Mathematical difference between permutation&combination

[Jonathan1218]

I know to calculate a combination with n options and r selections while repetition is allowed you are supposed to do (n+r-1)! / r!(n-r)! and the purpose of r! as a denominator is to act as a ratio to eliminate same outcomes but of different orders and is what makes us calculate the combination instead of a permutation.
However why can I not simply remove the r! to use it to calculate permutation? so: ( n+r-1 )! / ( n-r )!

 

[Dale]

I know to calculate a combination with n options and r selections while repetition is allowed you are supposed to do (n+r-1)! / r!(n-r)!

Your formula here is incorrect. It should be $\frac{n!}{r! (n-r)!}$

See https://betterexplained.com/articles/easy-permutations-and-combinations/

the purpose of r! as a denominator is to act as a ratio to eliminate same outcomes but of different orders and is what makes us calculate the combination instead of a permutation.

Yes.

However why can I not simply remove the r! to use it to calculate permutation?

You can, but

so: ( n+r-1 )! / ( n-r )!

You have to start with the right formula for combinations, not this.

 

[Jonathan1218]

Your formula does not take into accounts that there are possible repetitions, in your link only one person can get first, second and so on. With every medal being awarded the number of candidates decreases. However I stated repetitions are allowed, so an example would be getting 3 scoops of 5 flavours of ice cream. I pick 3 between chocolate, vanilla, banana, strawberry and bubblegum. So I can pick triple chocolate, and the formula has to be slightly modified to account for the extra possibilities of repetitions and having n! will not work because the amount of options does not decrease with each selection. Thank you nevertheless

 

[FactChecker]

The r! in the denominator is how many ways r distinct items can be arranged. Because you are allowing repeats and there are identical items in the r items, getting rid of the r! is the wrong thing to do.

 

[Dale]

However I stated repetitions are allowed,

Oops. My apologies, I missed that.

The standard term is “with replacement”, but I should have noticed and understood as you wrote it

Here is a site which covers both the with and without replacement cases:

https://www.mathsisfun.com/combinatorics/combinations-permutations.html

 

[Stephen Tashi]

However why can I not simply remove the r! to use it to calculate permutation? so: ( n+r-1 )! / ( n-r )!

Perhaps your question is:
Since the number of combinations of n things taken r at a time with replacement is $\frac{ (n+r-1)!} {r! (n-1)!}$ then why isn't the number of permutations of n things taken r at a time with replacement equal to $r! \frac{ (n+r-1)!} {r! (n-1)!}$ ?
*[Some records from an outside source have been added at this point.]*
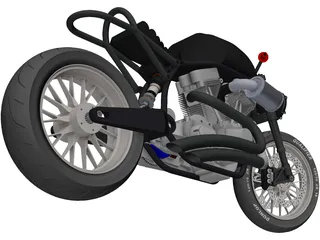 Custom Motorcycle 3D Model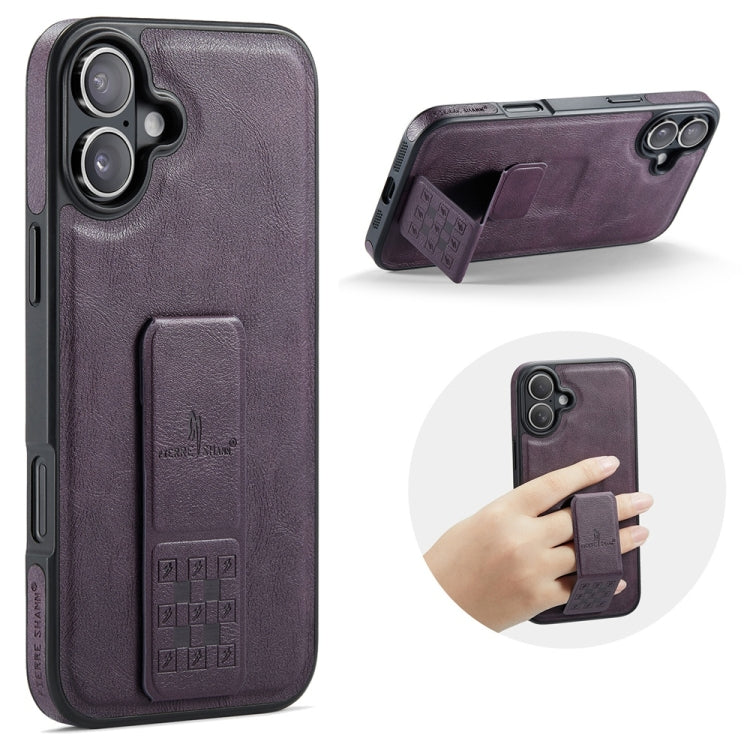 For iPhone 16 Fierre Shann Oil Wax Cow Leather Holder Back Phone Case(Purple) - iPhone 16 Cases by FIERRE SHANN | Online Shopping UK | buy2fix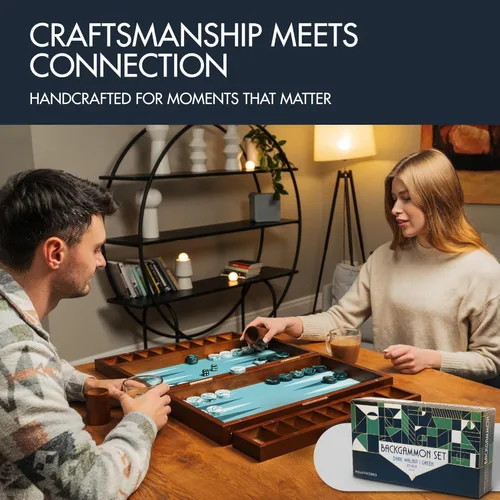 Vista 5 de Pointworks Juego de Backgammon de 20 Pulgadas Grande para Adultos, Tablero de Backgammon Verde, Madera Sólida. Bandeja de Accesorios Desmontable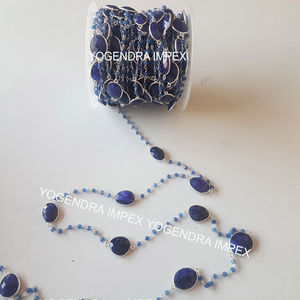 Vintage Natural Blue Sapphire Gemstone Faceted <b>Beads</b> Wire Wrapped Chain 18k Gold Plated <b>Sterling</b> <b>Silver</b> Gemstone Forsuppliers - Product Image 1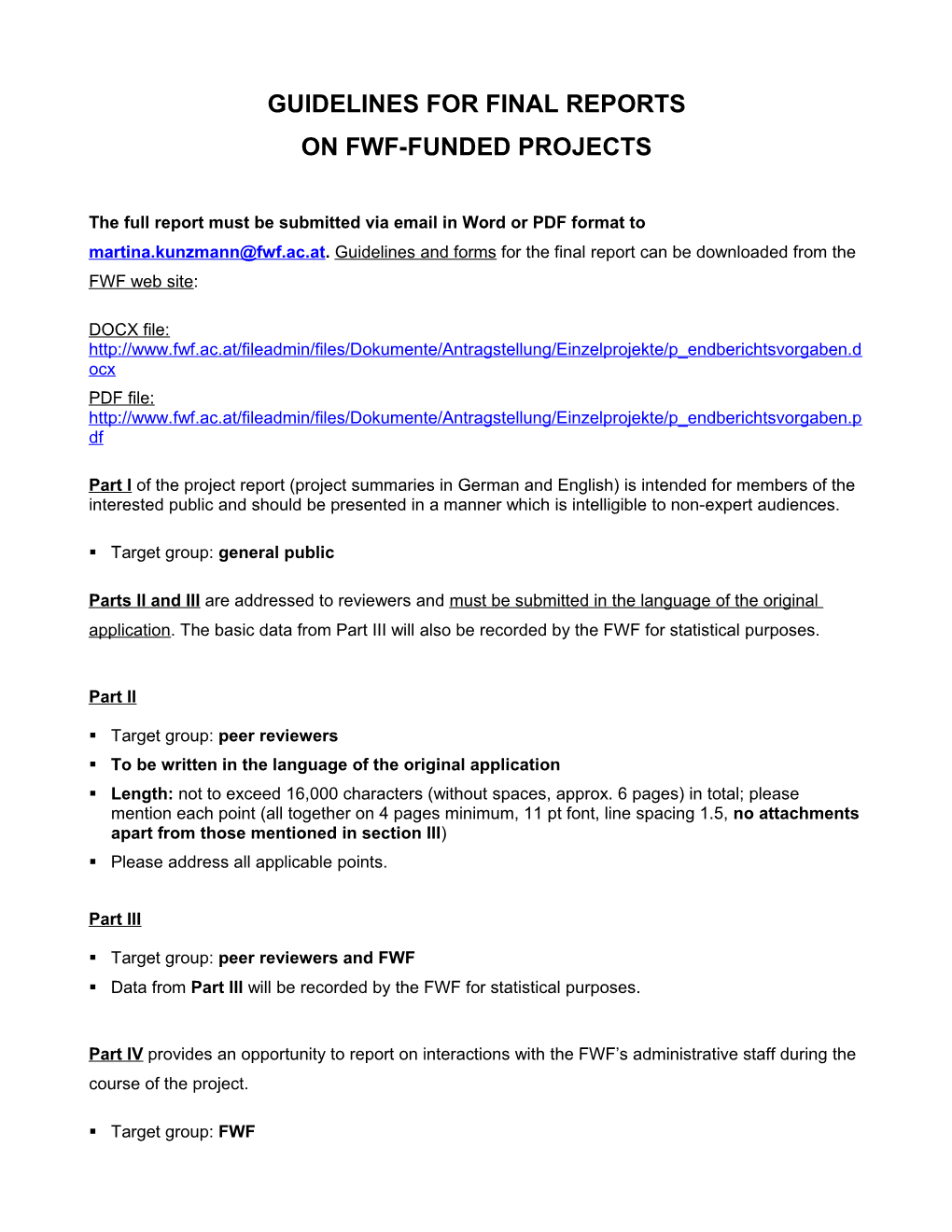 Guidelinesforfinalreports Onfwf-Fundedprojects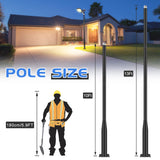 Street Light Pole 13Ft, Metal Solar Lamp Posts for Outdoor Light, Backyard Accessories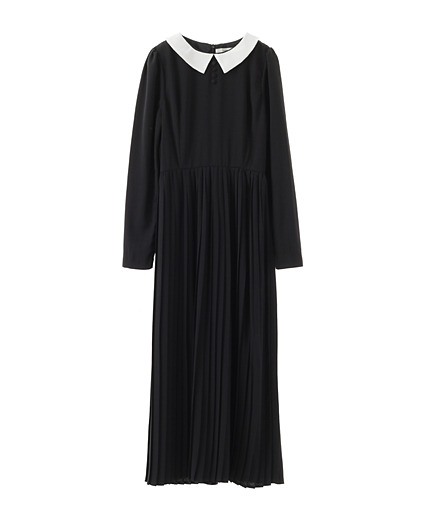 レトロ衿付きプリーツOP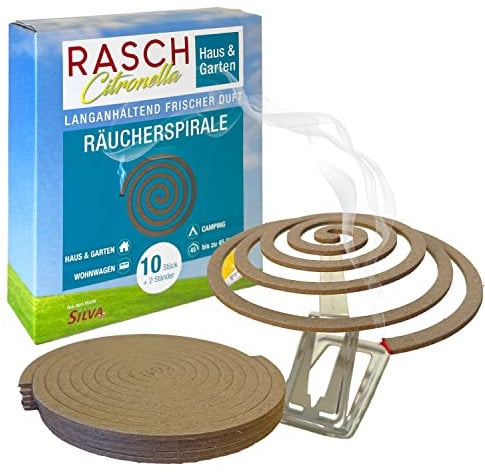 RASCH® Citronella Räucherspiralen Set [INKL Halter + STÄNDER] - Spirale Draußen, Garten, Balkon & Terrasse - Rauchspirale mit natürlichem Zitronen Aroma - 4h Brenndauer pro Räucherspirale (40 STK.)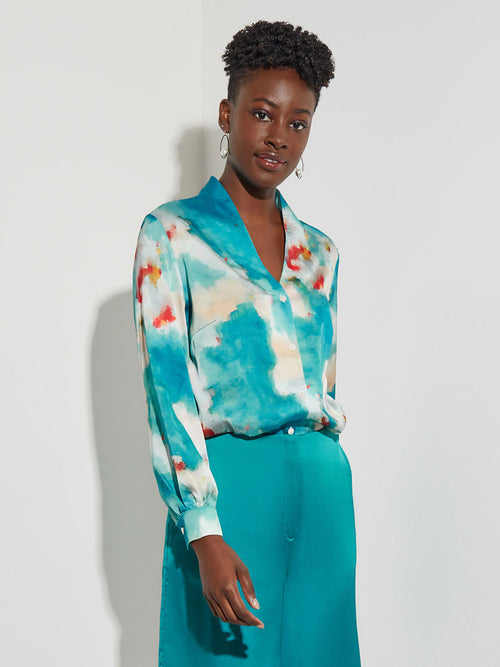 Watercolor Button-Up Crepe de Chine Blouse, French Blue/Basin Blue/Star Anise/Macadamia/Red Sunset/New Ivory | Misook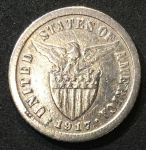 Филиппины 1908 г. S • KM# 170 • 20 сентаво • американский орел на щите • серебро • регулярный выпуск • VF+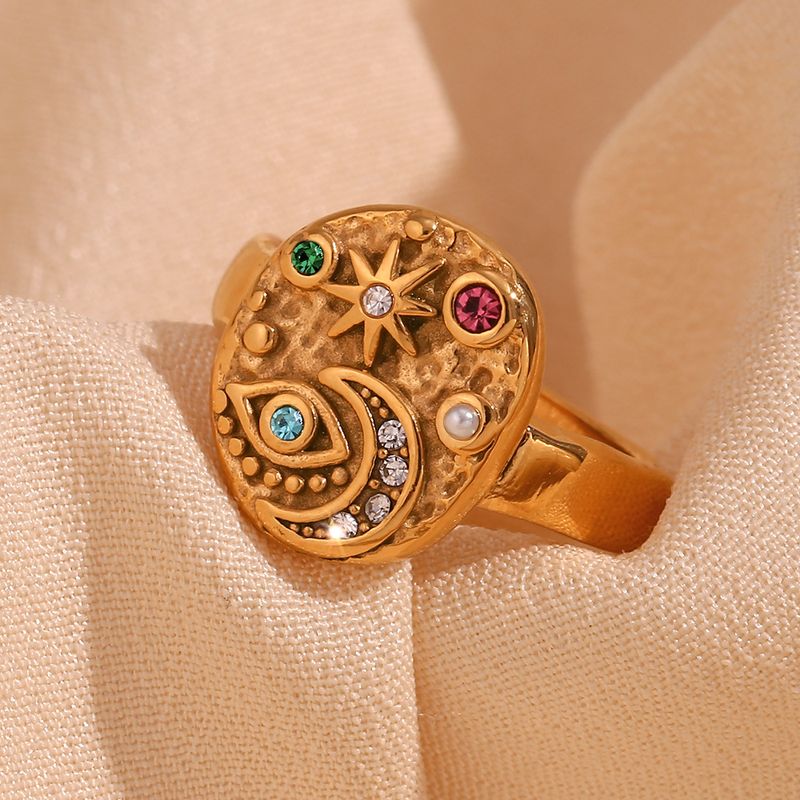 CELESTIALUMINANiche And Personalized Popular Earring And Ring Set, 18K Gold Plated, Micro-inlaid Star And Moon Round Necklace For Women_voghion.com
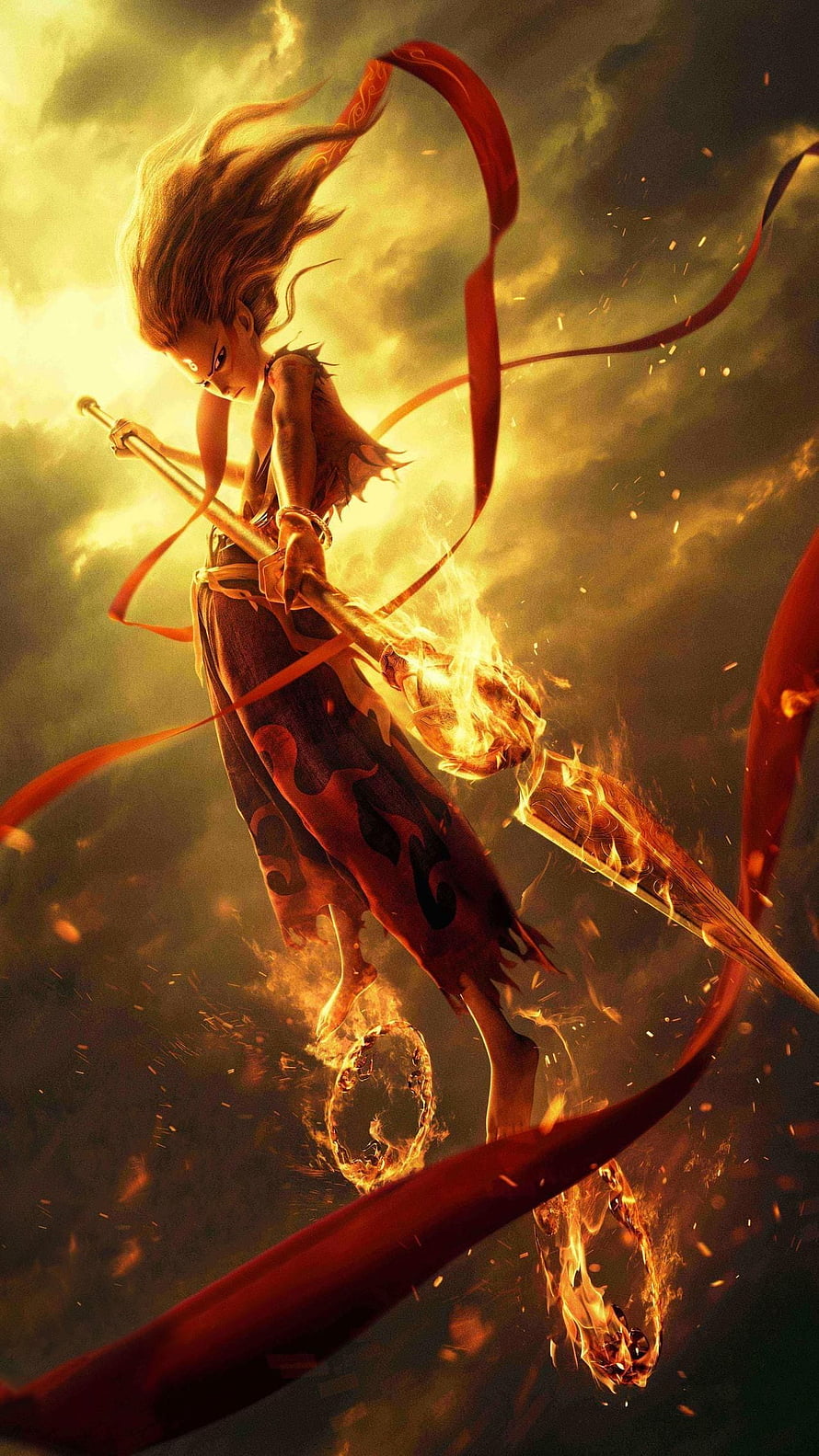 Ne Zha Reborn: Fiery Warrior Wielding a Blazing Spear Amidst Swirling Ribbons and Embers HD phone wallpaper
For example the ways of picking two things from the set {1,2,3} with replacment allowed are:
{1,1}, {1,2}, {1,3}, {2,2}, {2,3}, {3,3} but not all of those choices can be associated with 2! = 2 permutations. For example {1,1} isn't associated with 2 arrangements. If we could distinguish the two 1's as {1A,1B} then we'd distinguish {1A,1B} and {1B,1A}.

 

[Jonathan1218]

Thank you i get it now :)